INFORMATION PROVIDED: Begin

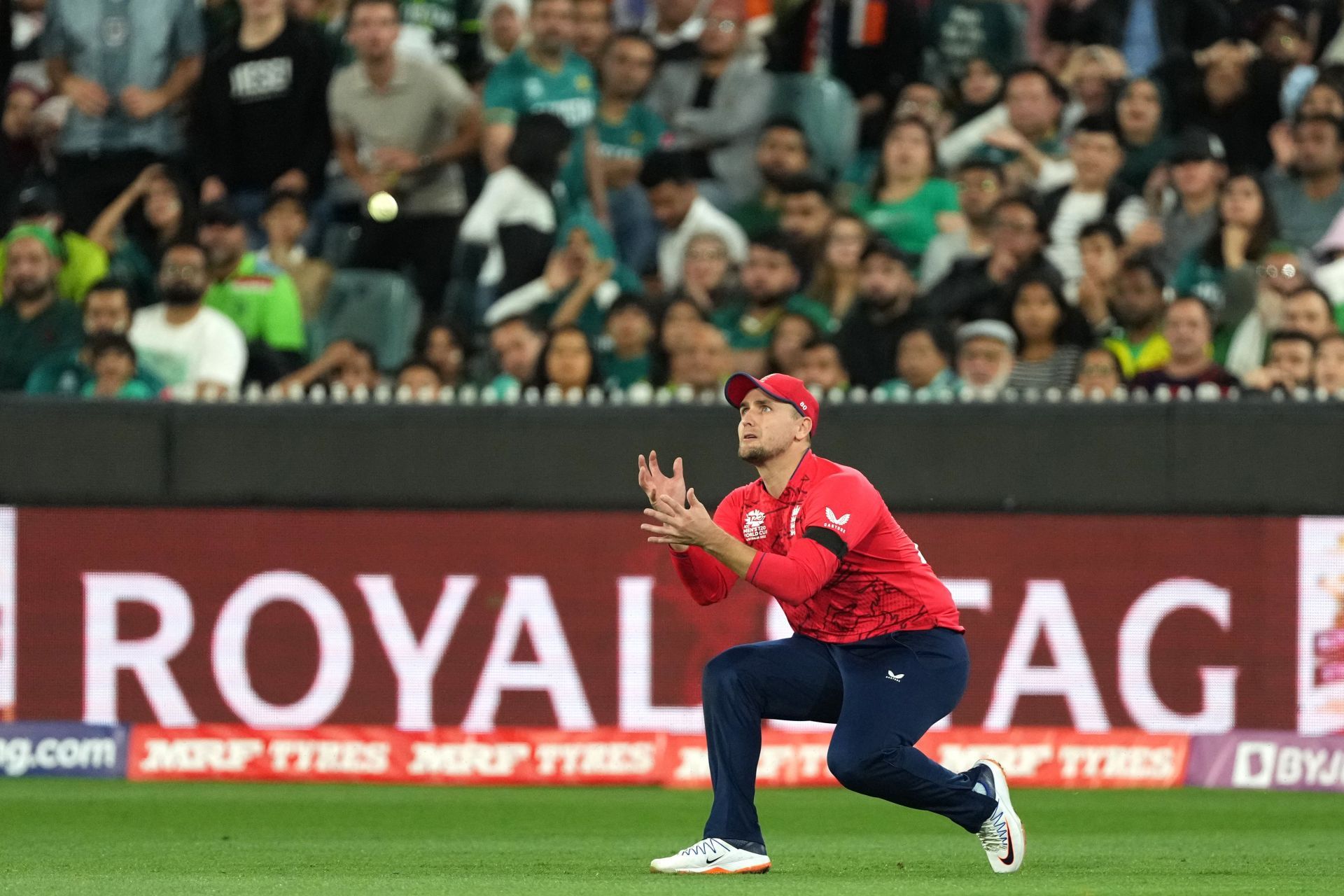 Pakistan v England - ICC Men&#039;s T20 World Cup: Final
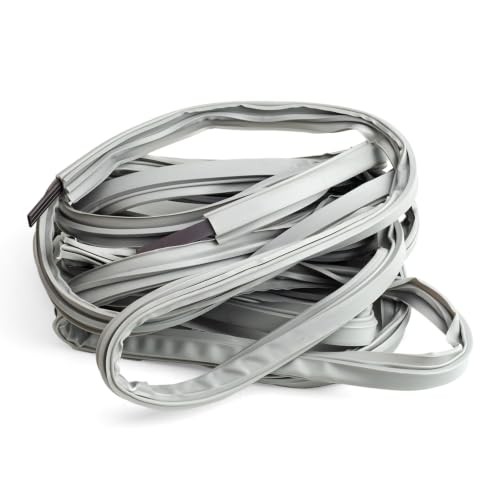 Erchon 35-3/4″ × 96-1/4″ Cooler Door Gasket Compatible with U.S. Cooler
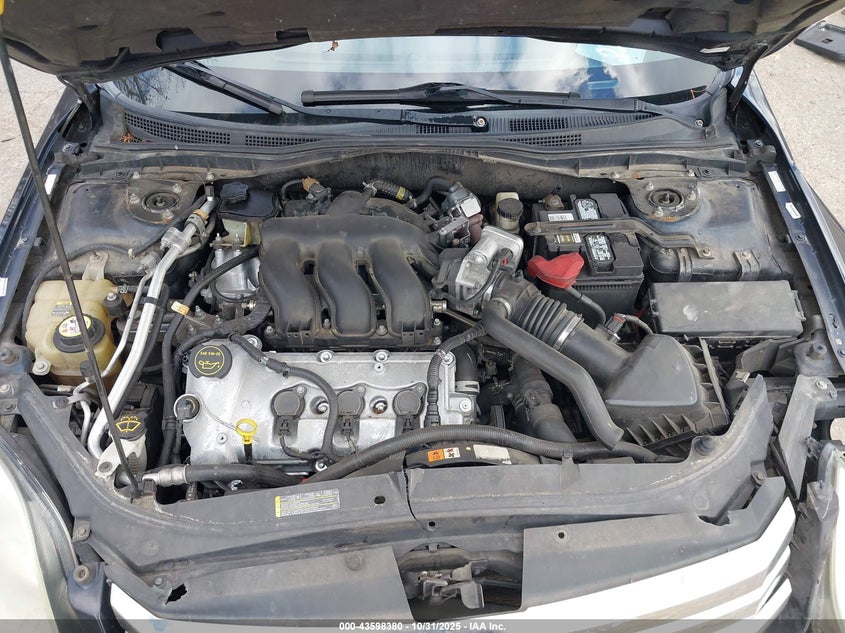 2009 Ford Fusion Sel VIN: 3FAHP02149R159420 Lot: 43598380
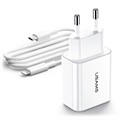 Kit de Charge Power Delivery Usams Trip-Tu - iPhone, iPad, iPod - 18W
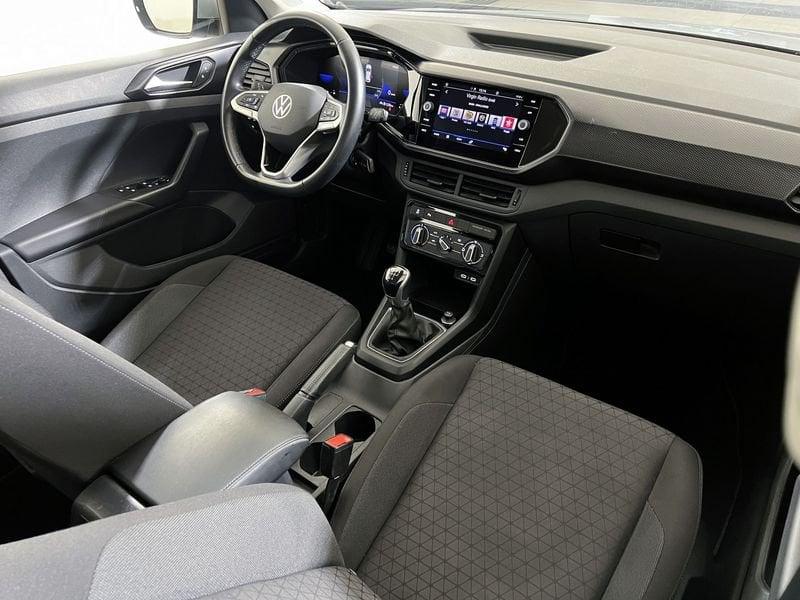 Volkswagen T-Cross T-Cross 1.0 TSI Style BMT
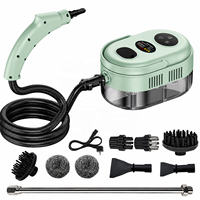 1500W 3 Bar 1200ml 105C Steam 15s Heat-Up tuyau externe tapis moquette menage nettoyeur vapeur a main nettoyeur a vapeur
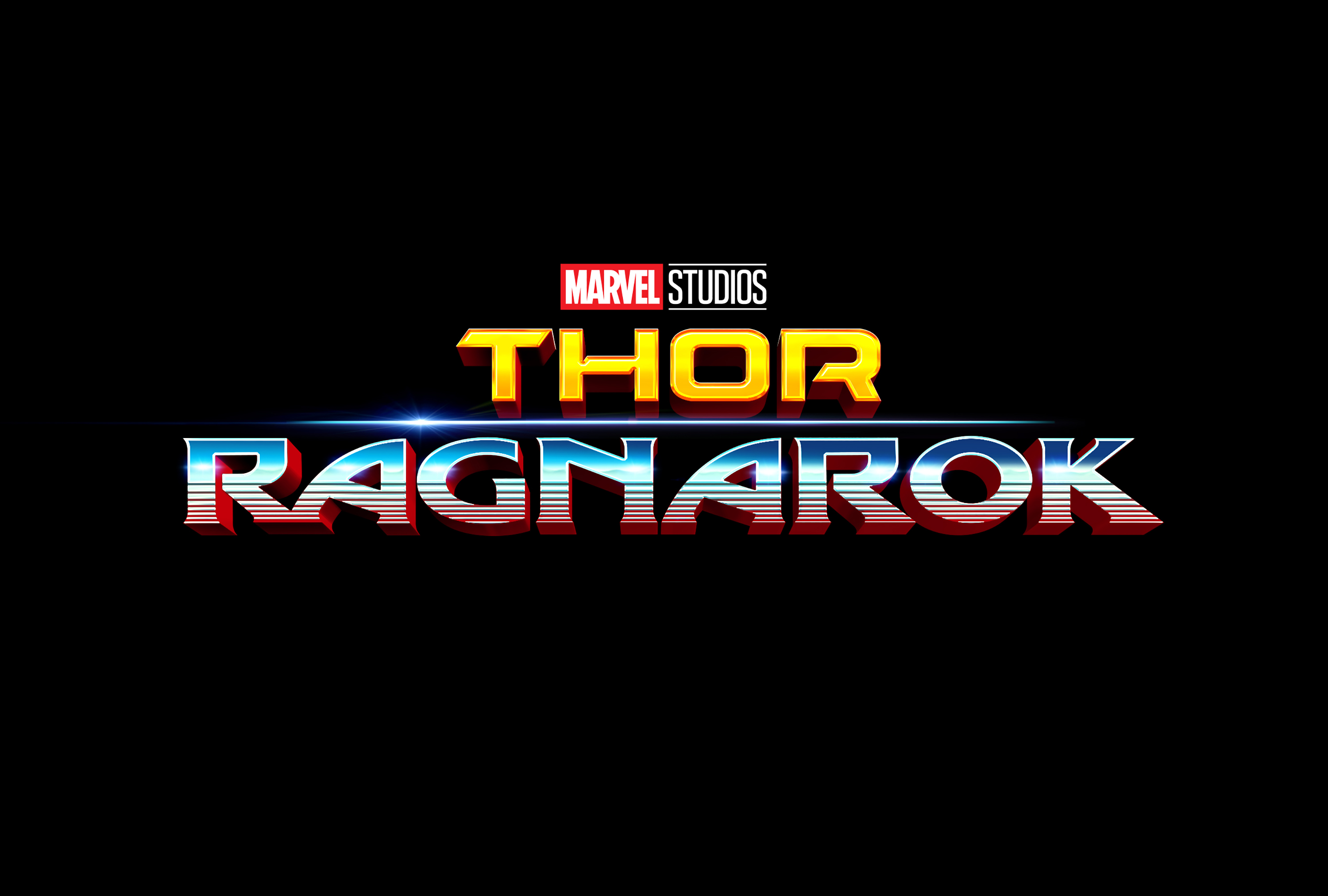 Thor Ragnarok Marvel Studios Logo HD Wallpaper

INFORMATION PROVIDED: End

[DESCRIPTION OF THE TASK]:
In the answer, give only the lines from the top of the data above through the line with "1500W 3 Bar", reproduced exactly; no picture may appear.

[EXERCISE SOLUTION]:
 Pakistan v England - ICC Men&#039;s T20 World Cup: Final
 Erchon 35-3/4″ × 96-1/4″ Cooler Door Gasket Compatible with U.S. Cooler
 2009 Ford Fusion Sel VIN: 3FAHP02149R159420 Lot: 43598380
 Kit de Charge Power Delivery Usams Trip-Tu - iPhone, iPad, iPod - 18W
 Volkswagen T-Cross T-Cross 1.0 TSI Style BMT
 1500W 3 Bar 1200ml 105C Steam 15s Heat-Up tuyau externe tapis moquette menage nettoyeur vapeur a main nettoyeur a vapeur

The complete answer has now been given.